提示：关于使用预训练模型的时候进行微调训练，那么该怎么进行微调训练呢？

第一：如果是我们准备的数据集和预训练模型的数据集差不多，也就是图像中的内容是差不多的，那么只需要修改最后的输出类别，微调训练最后一层的全连接参数，其他层冻结，比如下面这样做：

model = models.resnet50(pretrained=True)

# 修改全连接层最后的输出类别，使得全连接层的输出与当前数据集类别数对应
# 新建的层默认 requires_grad=True

model.fc = nn.Linear(model.fc.in_features, n_class)

# 只微调训练最后一层全连接层的参数，其他层冻结
optimizer = optim.Adam(model.fc.parameters())

第二：如果我们准备的数据集和与训练模型的数据集相差比较多的话，那么这个时候可以微调训练所有的层，但是还是载入预训练模型的参数，比如下面这样做：

model = models.resnet18(pretrained=True)

model.fc = nn.Linear(model.fc.in_features, n_class)

optimizer = optim.Adam(model.parameters())

第三：如果我们准备的数据集和预训练模型的数据集完全不一样的话，那么就不需要载入训练模型的参数，使用预训练模型结构进行权重初始化，微调训练所有的层，比如下面这样做：

model = models.resnet18(pretrained=False) # 只载入模型结构，不载入预训练权重参数

model.fc = nn.Linear(model.fc.in_features, n_class)

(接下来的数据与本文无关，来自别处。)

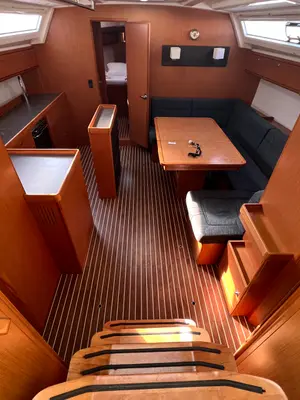 Galley of Volantis 9, a Bavaria Cruiser 46 sailboat at Kos, Greece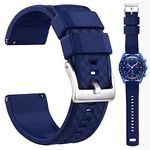 Ritche Quick Release Silicone Moonswatch Band for Men Omega x Swatch Strap compatible with Speedmaster/Seamaster/Railmaster/Mission to the Moon/Mercury,Blue, Valentine's day gifts for him or her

optimizer = optim.Adam(model.parameters())

（7）加载数据集

 # #加载数据集  https://mydreamambitious.blog.csdn.net/article/details/128482455
    batch_size=4
    trainDataLoader=DataLoader(dataset=trainDataset,batch_size=batch_size,shuffle=True,num_workers=0,drop_last=False)
    testDataLoader=DataLoader(dataset=testDataset,batch_size=batch_size,shuffle=True,num_workers=0,drop_last=False)

（8）定义损失函数

 # #损失函数的定义
    lossCIFAR10=torch.nn.CrossEntropyLoss()

（9）定义优化器

# #定义优化器 https://blog.csdn.net/Wind_2028/article/details/120541017
    learing_rate=0.001
    optimizer=torch.optim.SGD([
        {'params':modelResNet50.layer4.parameters(),'lr':learing_rate},
        {'params':modelResNet50.avgpool.parameters(),'lr':learing_rate},
        {'params':modelResNet50.fc.parameters(),'lr':learing_rate}
    ],lr=learing_rate)

（10）模型的保存和加载

模型的保存方式：
- 方式一：模型的结构+模型的参数
  - torch.save(modelResNet50,'modelName.pth');
- 方式二：模型的参数
  - torch.save(modelResNet50.state_dict(),'modelName.pth');
对应的模型加载方式：
- 对应模型保存方式一：
  - model=torch.load('modeName.pth');
- 对应模型保存方式二：
  - modelResNet50=torchvision.models.resnet50(pretrained=False);
  - modelResNet50.load_state_dict(torch.load('modeName.pth'));

（11）训练开始

提示：训练模型中使用：model.train()和model.eval()的具体作用：分别设置为训练模型和验证模型。但是这仅对某些模块有任何影响，比如： Dropout, BatchNorm。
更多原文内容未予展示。